Design context and scope
This guide keeps the scope of the original floorplanning article but reorganizes it around implementation decisions and qualification checks. The goal is to help you judge floorplan quality quickly before committing downstream runtime to placement and CTS.
Coverage map for this lab note
- Why floorplanning is a make-or-break stage and how it shapes timing, routability, power, and runtime.
- Pre-floorplan preparation: import checks, data sanity, partition boundaries, and assumptions to lock before iteration.
- Choosing die and core size, aspect ratio, and utilization targets based on block complexity and routing expectations.
- IO and pad placement considerations and their interaction with data flow and clock distribution paths.
- Core row setup, cell orientation conventions, and floorplan structures that influence later placement quality.
- Power planning dependencies (rings and straps strategy at a high level) and why they must be considered early.
- Macro placement strategy: proximity, channel spacing, halos, blockages, and congestion-aware arrangement.
- Timing-driven floorplan decisions and the handoff outputs expected by placement and CTS stages.
- Qualification checklist and consequences of a poor floorplan (congestion, timing churn, ECO pain).
What you should be able to explain
- Explain the tradeoff between utilization, routability margin, and timing ambition in a floorplan.

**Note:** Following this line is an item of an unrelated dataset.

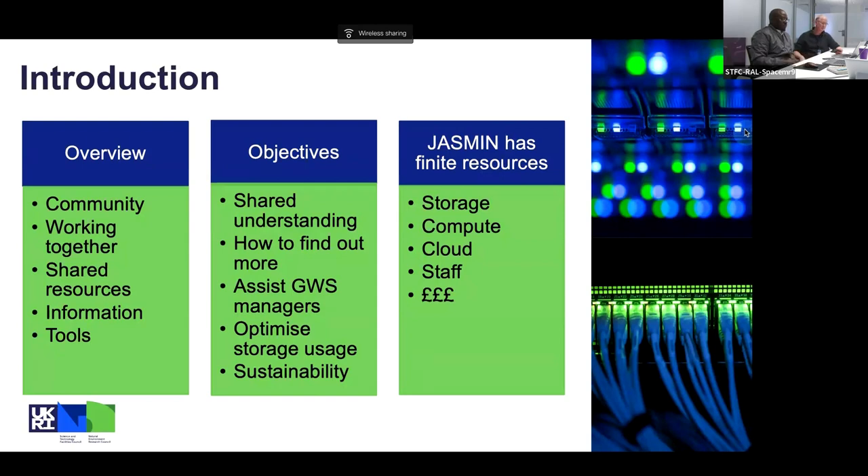Hopefully you'll have seen the survey that went out before Christmas. We've got some initial results to share — it may be that some of the information we share today will help you complete that survey. The survey is about checking that the information we have about all the group workspaces is correct and up to date. We have nearly 400 group workspaces now, varying massively in size between about a terabyte and about a petabyte, so it's a huge task to look after them with a quite small team.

- Review macro placement choices using signal flow, congestion, and power routing considerations.
- Identify which floorplan issues must be fixed immediately versus tracked for post-placement refinement.
- Produce a repeatable floorplan signoff checklist for early implementation iterations.
Review checklist before moving ahead
- Confirm die and core dimensions, aspect ratio, and utilization target are documented with rationale.
- Review macro adjacency and channel spacing against expected connectivity and route demand.
- Check halos and blockages are intentional and not masking a weak macro placement decision.
- Validate power-planning assumptions are compatible with macro and IO arrangement.
- Capture congestion and timing risk hotspots before moving to placement runs.
Common watchouts
- Over-optimizing utilization early often creates downstream congestion that costs more than the saved area.
- Halos and blockages can hide floorplan problems if used as a patch instead of a design choice.
- Macro placement that ignores dataflow or clocking topology usually increases iteration count later.
Self-check prompts
- How would you defend an aspect-ratio choice to another PD engineer?
- When should you re-floorplan instead of trying to fix issues in placement?
- Which floorplan outputs are most critical for a clean handoff to placement?